* _Task objective_
Could you retype every line below exactly, omitting the images?

* _Data section_
■ ■ ■

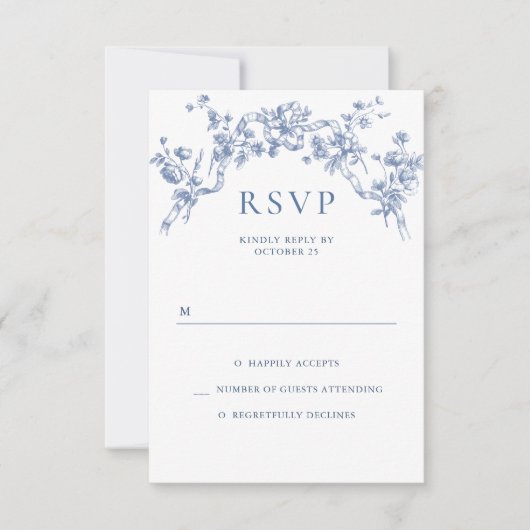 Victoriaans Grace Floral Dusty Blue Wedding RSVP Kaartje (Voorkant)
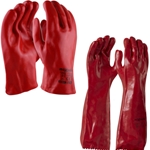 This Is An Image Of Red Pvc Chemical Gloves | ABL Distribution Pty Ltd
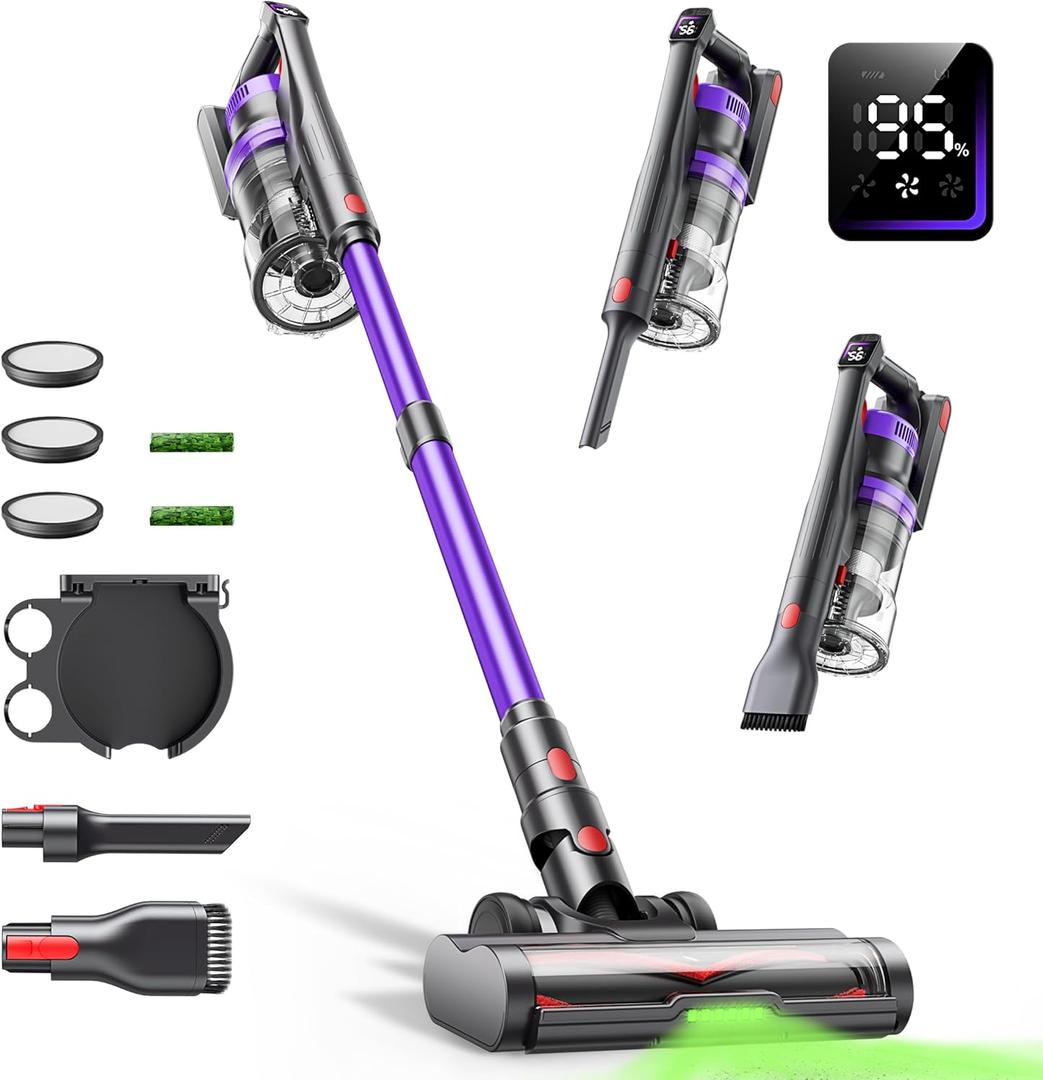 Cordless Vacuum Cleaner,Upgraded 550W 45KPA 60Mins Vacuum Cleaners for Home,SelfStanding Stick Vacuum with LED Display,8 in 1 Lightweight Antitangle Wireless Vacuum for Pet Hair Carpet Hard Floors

■ ■ ■

* _Result of this task_
 Victoriaans Grace Floral Dusty Blue Wedding RSVP Kaartje (Voorkant)
 This Is An Image Of Red Pvc Chemical Gloves | ABL Distribution Pty Ltd
 Cordless Vacuum Cleaner,Upgraded 550W 45KPA 60Mins Vacuum Cleaners for Home,SelfStanding Stick Vacuum with LED Display,8 in 1 Lightweight Antitangle Wireless Vacuum for Pet Hair Carpet Hard Floors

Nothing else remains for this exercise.